Pension schemes may be ‘cutting corners’ when re-tendering fiduciary managers in order to meet new regulatory deadlines, Hymans Roberson has warned.
The pension consultant claims this could lead to poorly negotiated fees and inappropriate mandates leading to poorer member outcomes.
This stark warning comes ahead of June deadline to comply with recommendations set out by the Competitions and Markets Authority (CMA) as part of its industry-wide investigation into fiduciary management.
Hymans says that trustees making retender decisions solely based on time pressures could risk undertaking the process without a full commitment leading to poor outcomes for schemes.
Hymans senior investment consultant Samora Stephenson says: “The purpose of the CMA’s deadline is for schemes to ensure that fiduciary management provides value for money for pension schemes, while at the same time demonstrating good governance.
“We are concerned, however, that schemes could be heading into the process without advice as they rush to ensure compliance.

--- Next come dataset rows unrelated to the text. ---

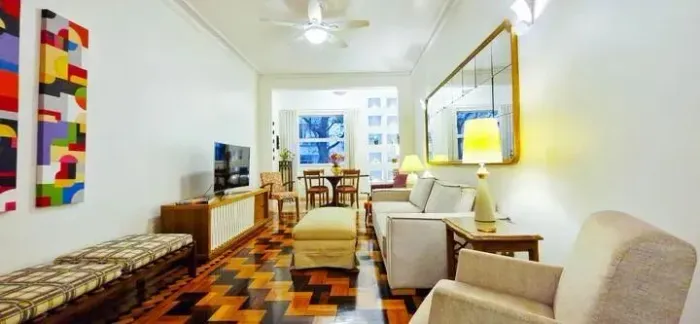 Lindo apartamento Art-déco reformado em Copacabana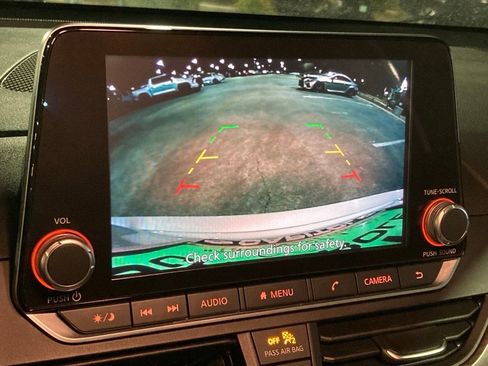 Used 2024 Nissan Altima 2.5 SV image 20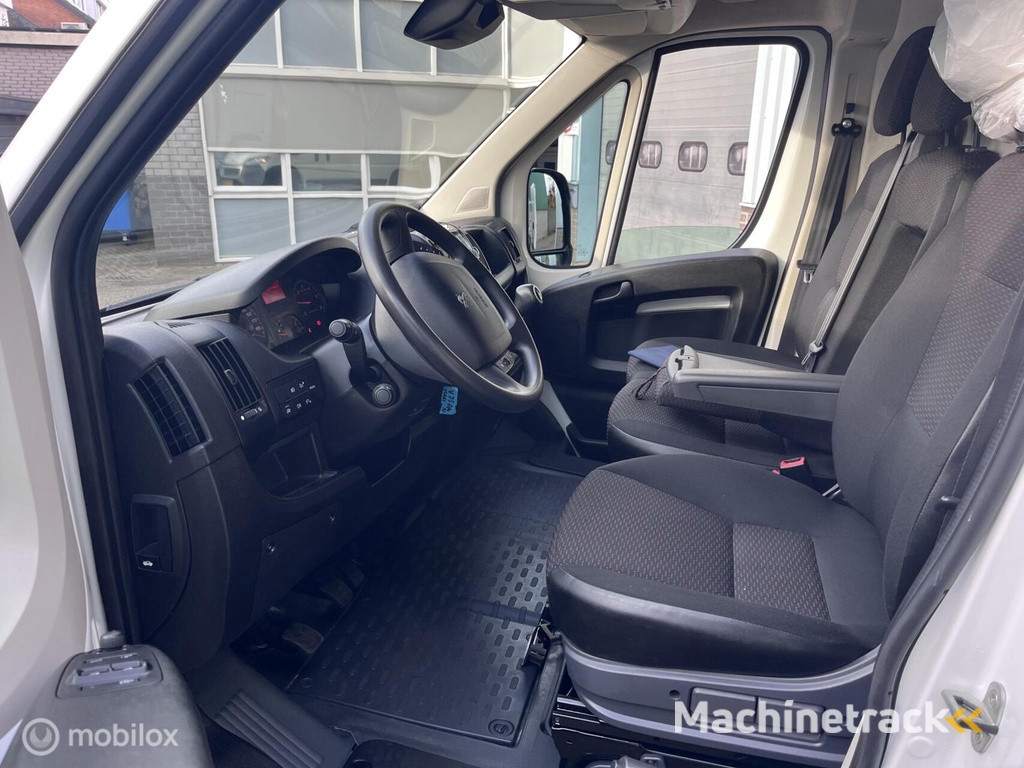 Peugeot Boxer  335 2.2 Blue HDi 165 PK Maxi XXL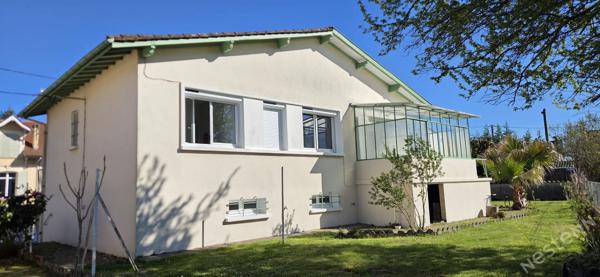 Maison traditionnelle avec jardin et dépendance à Bergerac
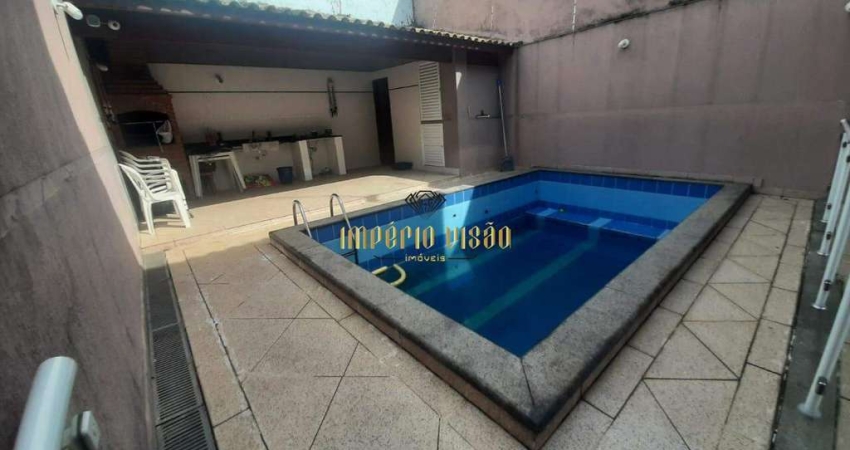 Sobrado à Venda com 3 Suítes, Closet, Hidro, Piscina e Área Gourmet - Jardim Imperador - Suzano - SP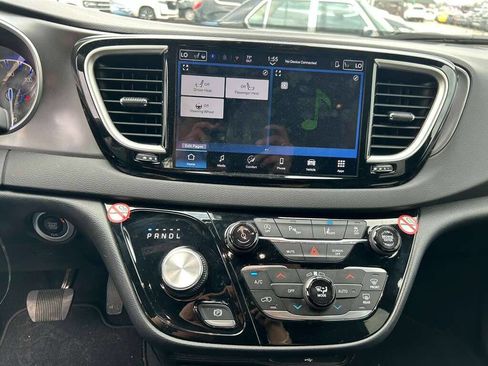Used 2026 Chrysler Pacifica Select image 14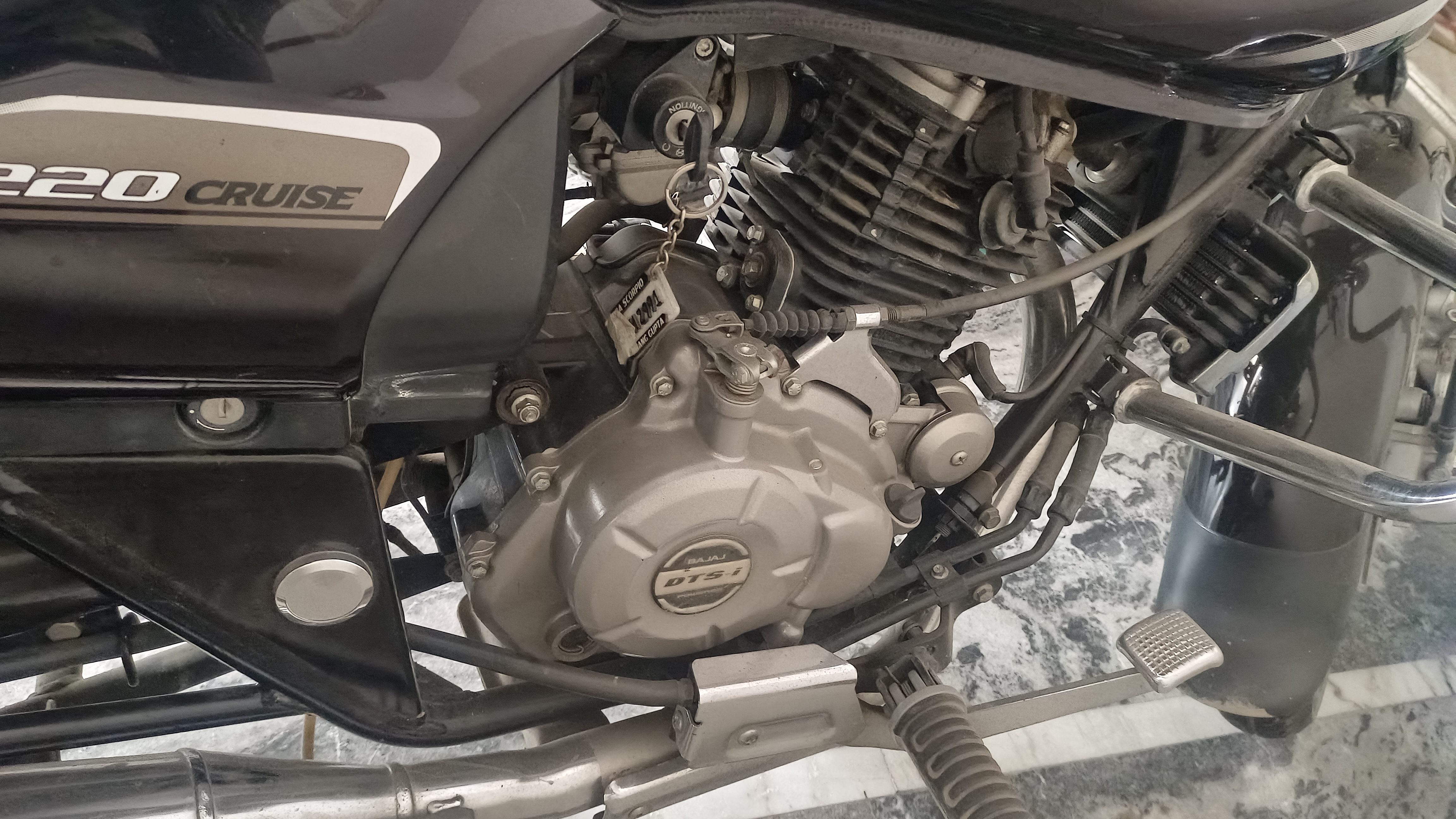 Bajaj Avenger Cruise 220 Price Mileage Images Colours BikeWale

“A rushed process risks missing out on the best fees and not properly testing whether requirements have changed since mandates were set up. Schemes must ensure they don’t put speed first to make sure this isn’t a wasted opportunity to have the best fees and the most appropriate mandates.
“We believe that savings of up to 30 per cent, a significant saving, can be made with a thorough and professional negotiation process if it is done properly.”